GPS program sends students in direction of college and careers

2013-03-15T06:00:00Z 2013-03-15T08:32:31Z GPS program sends students in direction of college and careersBy Phyllis Coulter |

BLOOMINGTON — Danyelle Mathews, a high school senior at the Regional Alternative School in Bloomington, is getting a real taste of college by taking a series of workshops at her school while earning a college credit.

“It’s awesome to have an opportunity like this. It’s really got my hopes up by succeeding in this class,” said Mathews, 19 of Normal. Mathews, who had previously struggled with her grades at Normal Community West High School, has good grades now and is considering a career in psychology.

She’s one of 12 high school juniors and seniors at the DeWitt-Livingston-McLean Regional Alternative School taking the Guided Path to Success (GPS) program, which offers coaching, study skills and a free college credit upon satisfactory completion. The GPS program, offered by Heartland Community College, helps students transition from high school to the next steps in life, said school Director Glenn Hoffmann.

Too often parents and students set their sights on graduating from high school but don’t thoroughly consider the next step, he said. Some students see high school graduation as the finish line, but it really is the starting line, he said.

Dalton Rankin, 18, of Normal is excited about the college credit he is earning. Rankin, who had an individualized education program in reading and writing, said he has done well on the college-level writing assignments, and that has given him more confidence.
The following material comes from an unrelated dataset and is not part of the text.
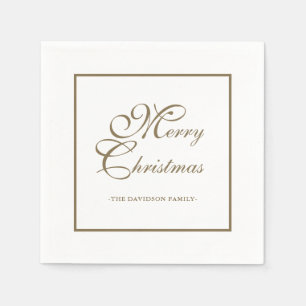 Elegant Gold Script Personalized White Christmas Napkins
“I’m pretty proud of myself, actually,” said Rankin, who hopes to be a diesel mechanic or a welder.

Workshops include: Targeting Success, Exploring Healthy Lifestyles, Understanding Civic responsibility, Planning Personal Finances and Transitioning to College.
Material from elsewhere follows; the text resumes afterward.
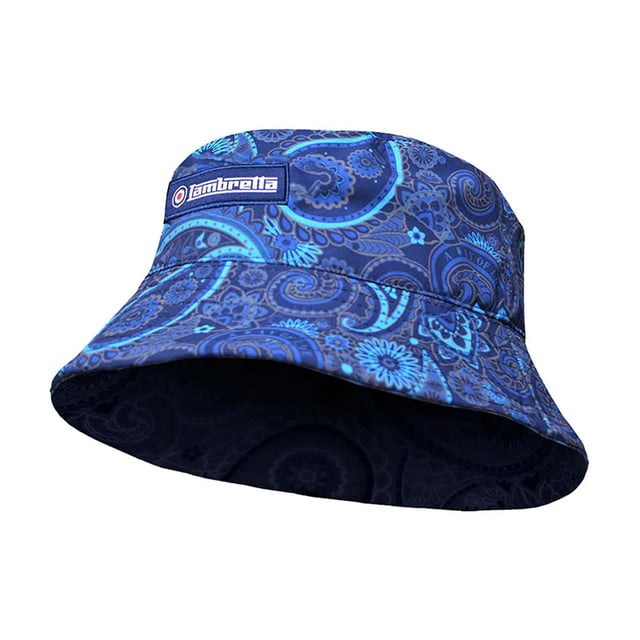 Design: All-Over Print, Logo, Paisley. 8 Row Stitching, Flat Top, Short Brim.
Mathews said Mastering Time Management was the most helpful class for her, and Rankin said his favorite was Motivating Self.

Of the 12 students taking the program at the alternative school, 83 percent are low income, so getting a free college credit means a lot.

The program is a Heartland initiative in which students attend classes at their home school while earning credit and getting “mentally prepared for college,” said Syreeta Williams, a Heartland academic adviser.

The program also continues into college. “It helps with motivation in college — to see an end goal especially in those first few years and stay on track,” said Heartland academic adviser Jen Vieley.  

GPS is taught by Heartland instructors at area schools, including Hammitt (at The Baby Fold), Normal Community, El Paso-Gridley, Hartsburg-Emden, Central Catholic and Lincoln high schools, Calvary Christian Academy and Livingston Area Career Center in Pontiac.